Claro está que es ciego el que no siente en sí la claridad de la luz eterna; mas cuando ya tiene el principio, que es creer en su Redentor, podemos decir que está sentado cerca del camino. Y si habiendo creído, calla y no pide misericordia para ver la luz eterna, y cesa de pedir este favor, diremos que el ciego está junto al camino, pero que no pide limosna; mas si junto con creer pide merced a Dios, diremos que el ciego está junto al camino y que está pidiendo.
Mirad, cualquiera que conoce las tinieblas de su ceguera y entiende que le falta la luz soberana, saque el clamor de lo interior de sus entrañas y con verdadera voz del alma diga: «¡Jesús, hijo de David, ten compasión de mí!» (Lc 18, 38).
Jesús escucha a quien persevera en la oración
Mas veamos qué le sucede a este ciego que da tantas voces: «Los que iban delante lo regañaban para que se callara» (Lc 18, 39a). ¿Quién pensáis que son estos? Sabed que son los deseos carnales y los escuadrones de los vicios, que por impedir que Dios nos oiga y lo llamemos con atención, desbaratan nuestros buenos pensamientos y desordenan con sus tentaciones cualquiera buena deliberación que nuestra alma hace; y cuando el corazón quiere estar más atento en la oración, allí procuran perturbarle.
A menudo, cuando queremos dejar los pecados y volvernos a Dios, y para esto nos ponemos en oración, entonces se representan por su industria a nuestro corazón las visiones espantosas de los pecados que hemos cometido, y quieren deslumbrar a nuestra alma, confundir nuestro corazón, y quitarnos el habla. […]

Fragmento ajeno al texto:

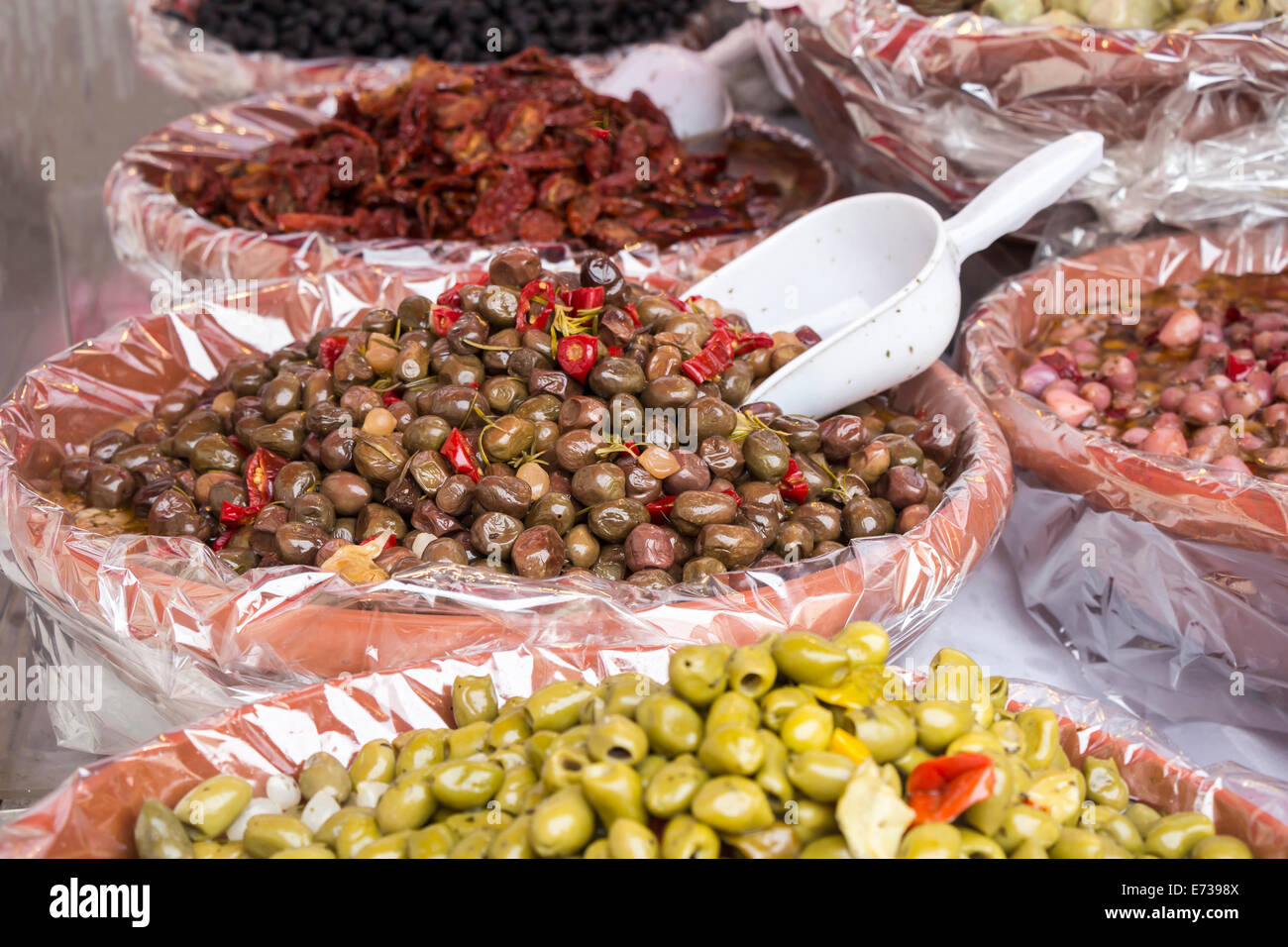 Marinated Olives in a street market in Italy Stock Photo Alamy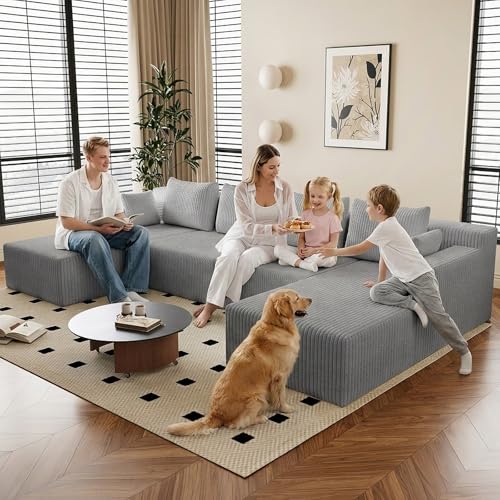 Image of 142 inch U-Shape Cloud Couch, Modern Modular Sectional U-Shape Sofa, Corduroy Boneless Couch Upholstered Couches Deep Seat Sleeper Chaise Longue for Living Room, No Assembly Required,Light Gray
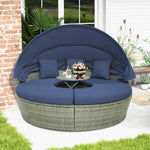  - Outdoor PE Wicker Round Daybed with Retractable Canopy and Cushions - Outdoor Style Company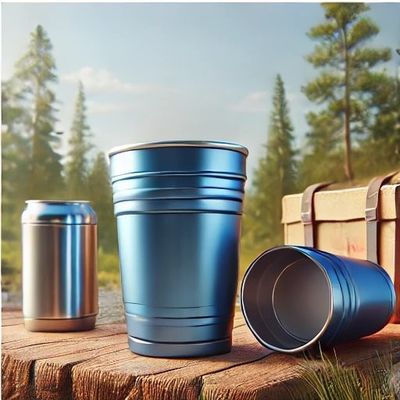 kaufen Geschirrspüler sicher 16oz Metallblau Aluminium Campingcup Leichtgewicht Dauerhafte Aluminium Isolierte Tasse Mehrfachverwendbare Aluminium Tassen für den Außenbereich Leichtgewicht online manufacture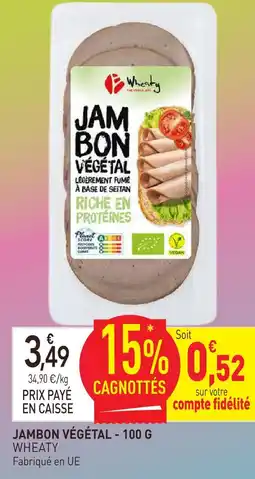 naturéO Wheaty jambon végétal - 100 g offre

Sepamos, pues, lo que hizo el ciego contra todo esto para ser alumbrado. Prosigue el texto: «Pero él gritaba más fuerte: “¡Hijo de David, ten compasión de mí!”» (Lc 18, 39b). Mirad que siendo este ciego acusado por la gente y mandado que calle, clama con mayores voces, dándonos a entender, que tanto con mayor fervor debemos insistir en la oración, cuanto mayor estruendo sentimos de los pensamientos carnales que perturban nuestra alma.
La multitud quiere contradecirnos para que no demos voces, cuando las visiones feas de nuestros tan graves pecados se nos representan en la fantasía, y perturban nuestra oración; pero es menester, que cuanta más contradicción sienta la voz de nuestro corazón, tanto con mayor calor ore, hasta vencer aquellos impedimentos que la fantasía nos representa, y que la oración sea tan importuna y firme, que rompiendo todos estos nublados, suba a los oídos del Señor. […]
Mas cuando con fortaleza insistimos en la oración, detenemos en nuestro espíritu a Cristo que antes iba pasando. Y por esto se sigue: «Jesús se paró y mandó que se lo trajeran» (Lc 18, 40). […]
«Señor, que yo vea»
Y por esto es bien que notéis lo que le dijo: «¿Qué quieres que haga por ti?» (Lc 18, 41a). ¿Por ventura quien tenía poder para darle la vista ignoraba qué quería? No por cierto, mas es su voluntad que le pidamos lo que ya sabe que le hemos de pedir y Él nos lo ha de dar; y siempre nos manda que con oraciones le importunemos, sin embargo, junto con esto nos dice: «Vuestro Padre celestial sabe lo que os hace falta antes de que lo pidáis» (Mt 6, 8).
Luego no por otra cosa nos dice que pidamos, sino por mover nuestro corazón a que oremos; y así vemos que este ciego dijo: «Señor, que yo vea» (Lc 18, 41b). Mirad, no le pide al Señor oro, sino luz; tiene, pues, en poco pedir otra cosa de cuantas hay en el mundo sino luz: porque dado que todo lo tuviese, sin vista no lo podía ver.
Procuremos, amados hermanos míos, ser semejantes a este ciego, pues sabemos que fue alumbrado en el alma y en el cuerpo. No pidamos a Dios riquezas engañosas, ni dones corruptibles de la tierra, ni honras mundanas. Pidámosle la luz, pero no la luz que se encierra en un lugar, que se acaba con el tiempo, que se cambia con la noche, ni la luz de que se sirven también los animales brutos. Supliquémosle que nos dé la luz que los ángeles gozan y ven: porque esta es la luz que ni tiene principio ni fin.
Ahora bien, el camino para llegar a esta luz es la fe. Y por esto con razón le respondió el Señor al ciego a quien quería alumbrar: «Recobra la vista, tu fe te ha salvado» (Lc 18, 42). ◊
Fragmentos de: SAN GREGORIO MAGNO.
Homilías sobre los Evangelios. Homilía II,
pronunciada en la Basílica de San Pedro, 19/11/590.